Brand of German chocolate

Moser-Roth is a brand of German chocolate produced by Storck for both Aldi Nord and Aldi Süd.

==History==
The Moser-Roth brand name has been transferred several times to different companies.

The original Roth company was founded in 1841, in Stuttgart by pastry chef Wilhelm Roth Jr. In 1876 Roth retired from the company and the small factory was taken over by Wilhelm Wagner and Kommerzienrat Sproesser. In 1881 the company moved to larger premises.

In 1896 the company merged with its Stuttgart competitor E. O. Moser & Cie, which had been founded in 1846 by master confectioner Eduard Otto Moser (1818–1878).

The brand name Moser-Roth was registered in 1902 and the company had the largest chocolate factory in Stuttgart in the 20th century, employing as many as 550 people in about 1910. Other local chocolate companies in Stuttgart at the time until the 1970s included Eszet, Haller (1921-1968, not even popular as Moser-Roth or Ritter Sport, not even sold in stores at all), Waldbaur, Schoko-Buck, Friedel, and Alfred Ritter GmbH & Co. KG, of which only the last is still in existence. Eszet is now made by Sarotti.

Early in 1942 the company was shut down for political reasons by the Nazi Party. In September 1944, the entire factory burned down in an air raid.

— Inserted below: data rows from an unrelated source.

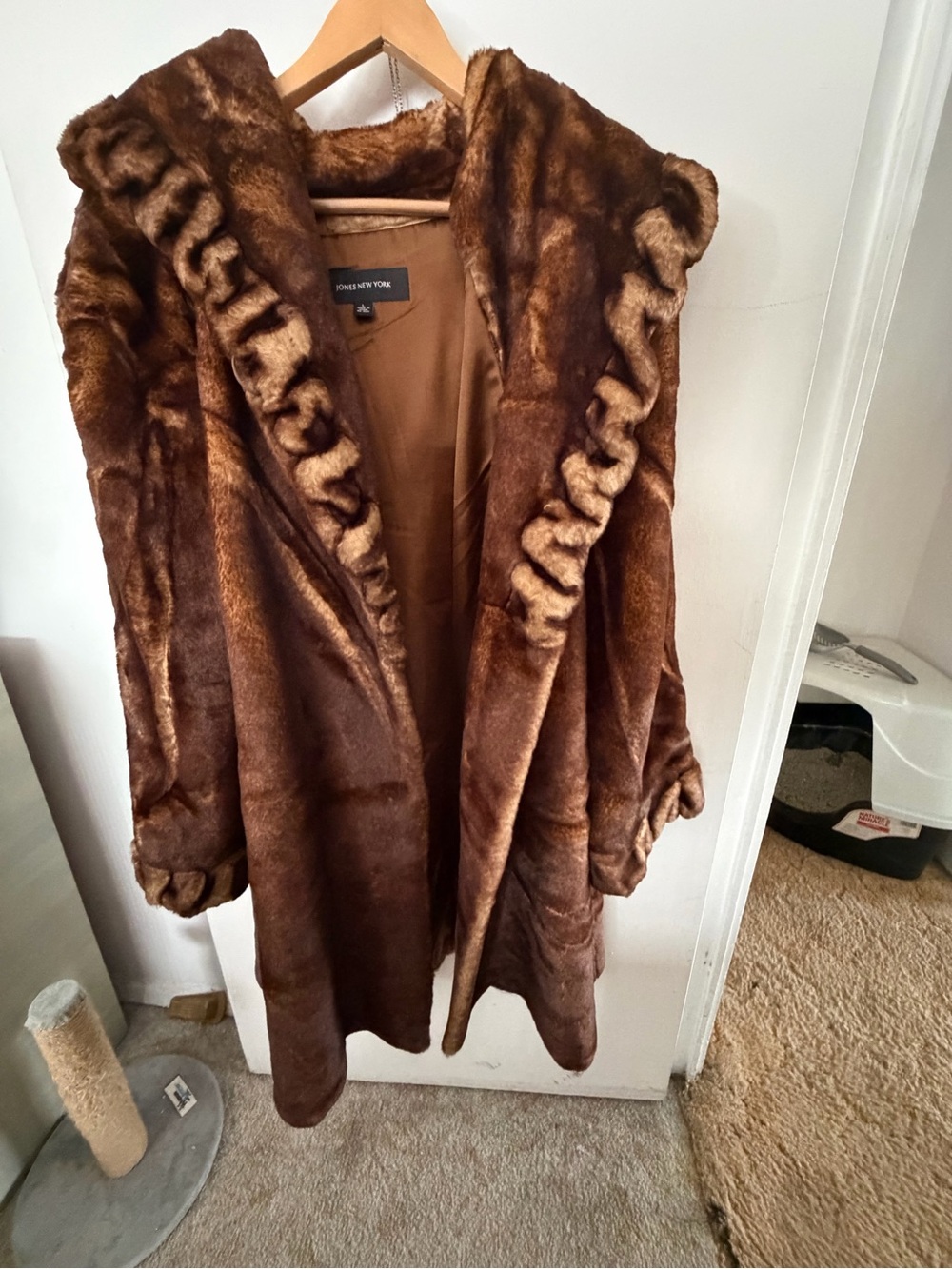 Jones New York Chestnut Brown Faux Fur Hooded Cape Coat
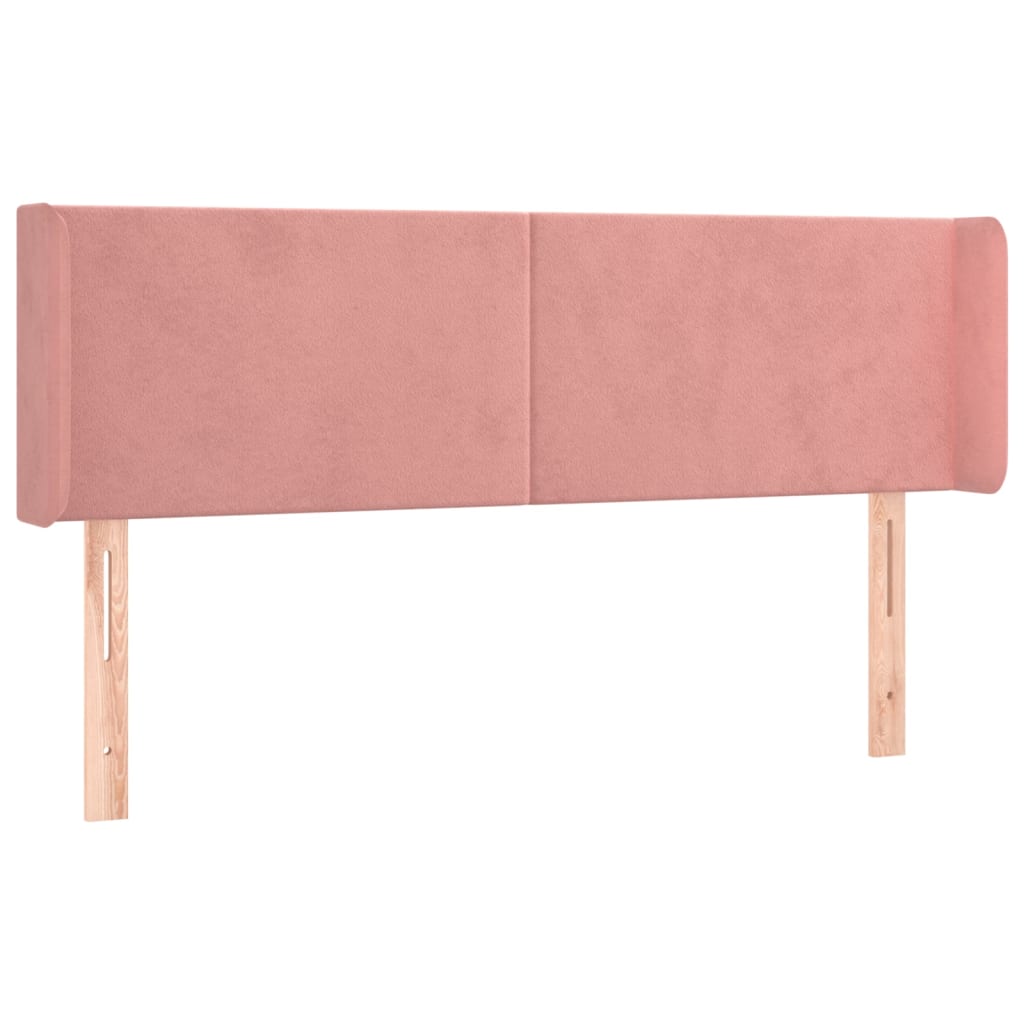 Tête de lit avec oreilles Rose 147x16x78/88 cm Velours - XIOS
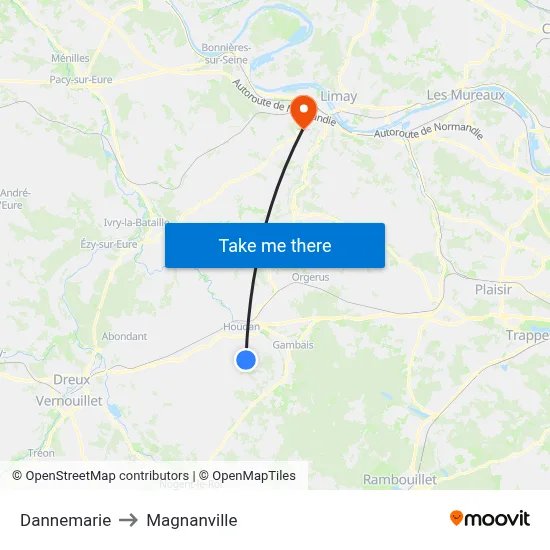 Dannemarie to Magnanville map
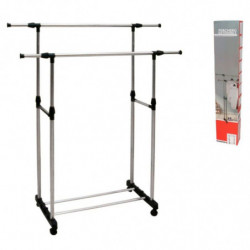 Tradineur - Perchero burro doble extensible con ruedas, acero y plástico, altura y anchura regulables, fácil montaje, 85-140 x 9
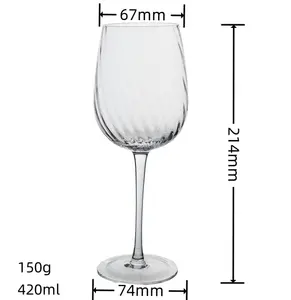 420 ml 14 oz durchsichtiges transparentes rotwein-glas handgeblasen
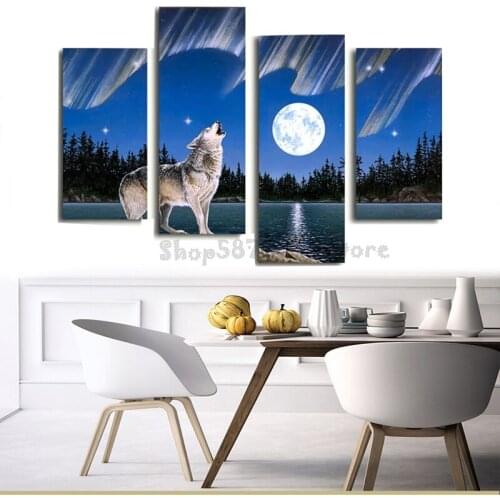 4 pcs set Blue Moon Night Animal 5d diy diamond painting full drill mosaic wolf diamond stitch embroidery gift home decor TT5634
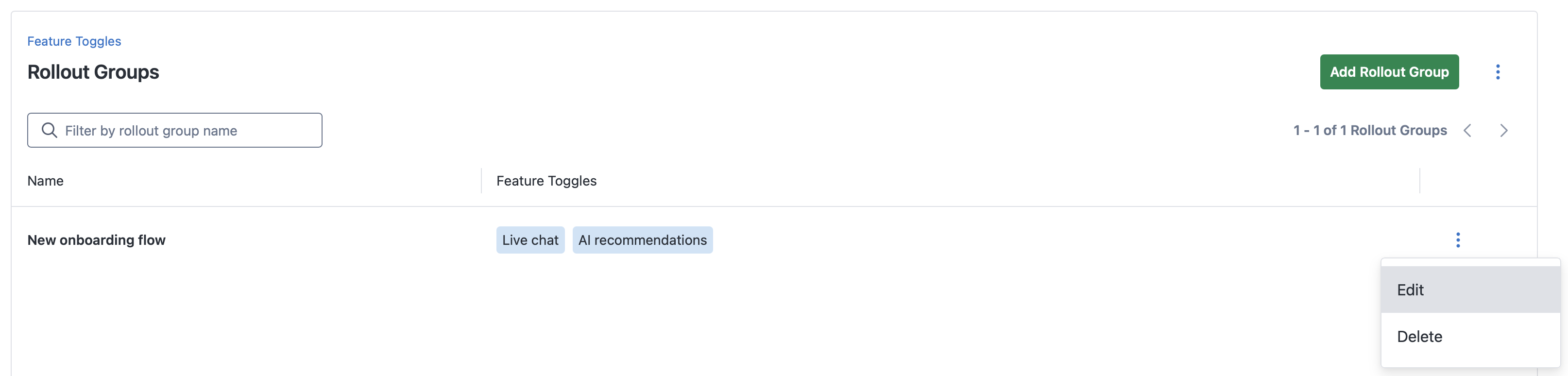 Screenshot of rollout group list page with a single rollout group named new onboarding flow, used by the live chat and AI recommendations feature flags, with the overflow menu expanded and showing edit and delete options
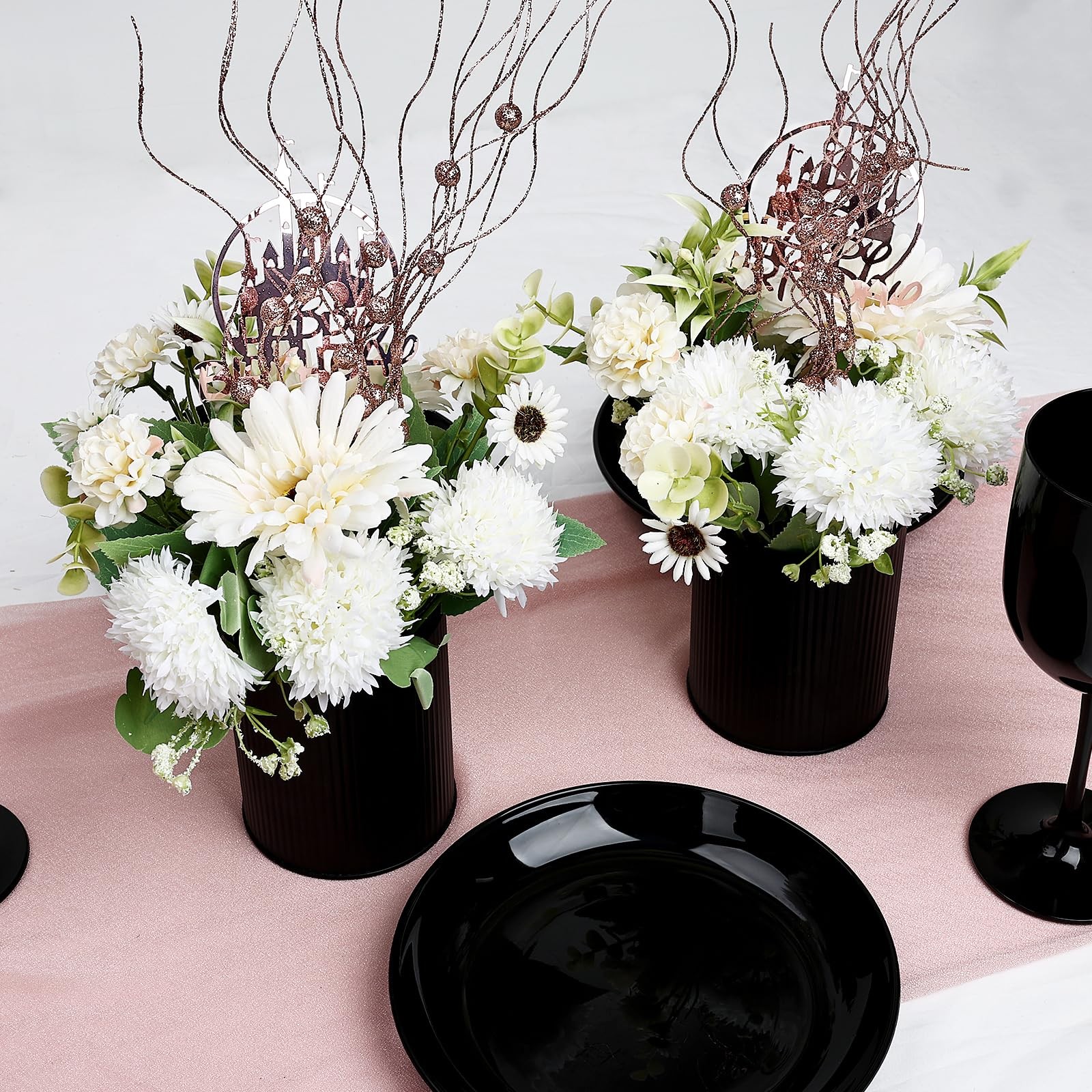 Party Table Centerpieces – Set of 6 Pre-Made Daisy Floral Arrangements with B…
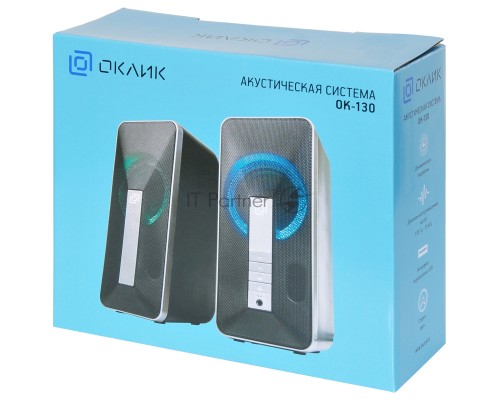 Колонки Oklick OK-130 2.0 черный BT портативные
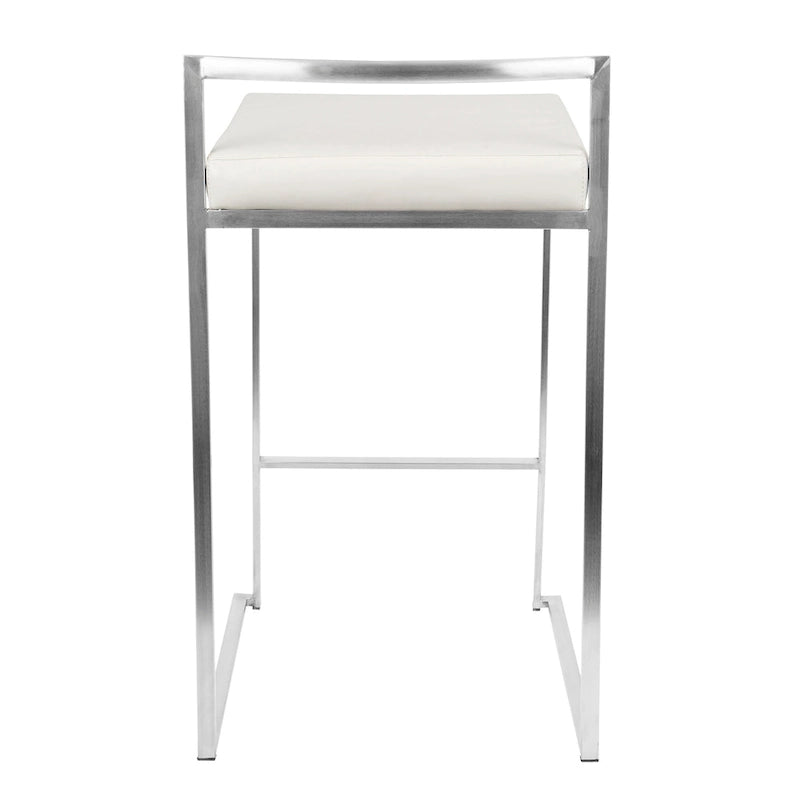 Sgabello da bancone impilabile in acciaio inossidabile completamente saldato Silver Orchid Forrest (set di 2)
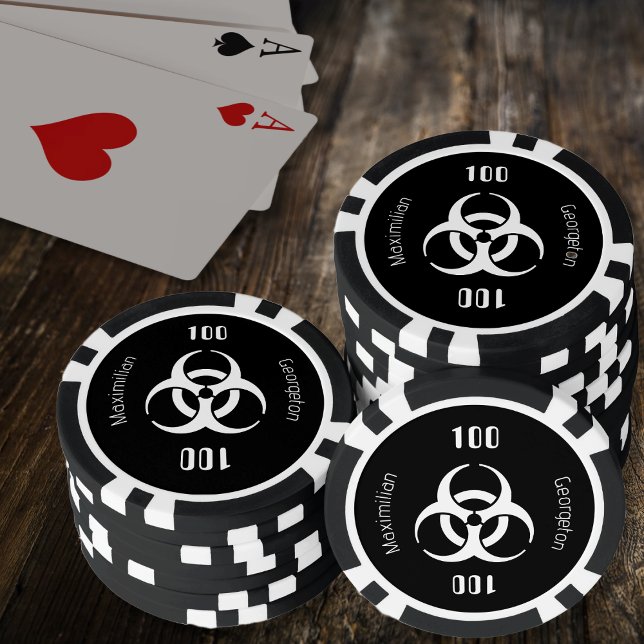 Fichas De Póquer Regalo de Jugadores Serios Biopeligrosos - Chips d (Biohazard Serious Gamers Gift - Black Poker Chips by Leapfroglisics Shop)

Karl Haller of Stuttgart acquired the Moser-Roth brand name in 1947 and in 1948 resumed production in the Obertürkheim section of the city. After his death his obscure Haller company was acquired by Melitta; chocolate production continued until the 1970s, after which the Moser-Roth brand name passed through various owners, being finally sold to Storck. Since June 2007 Storck has produced chocolate for Aldi Nord and Aldi Südat Moser-Roth GmbH, located in the Berlin borough of Reinickendorf. Moser-Roth is Aldi's premium brand of chocolate; it received an award from the German Agricultural Society in 2007.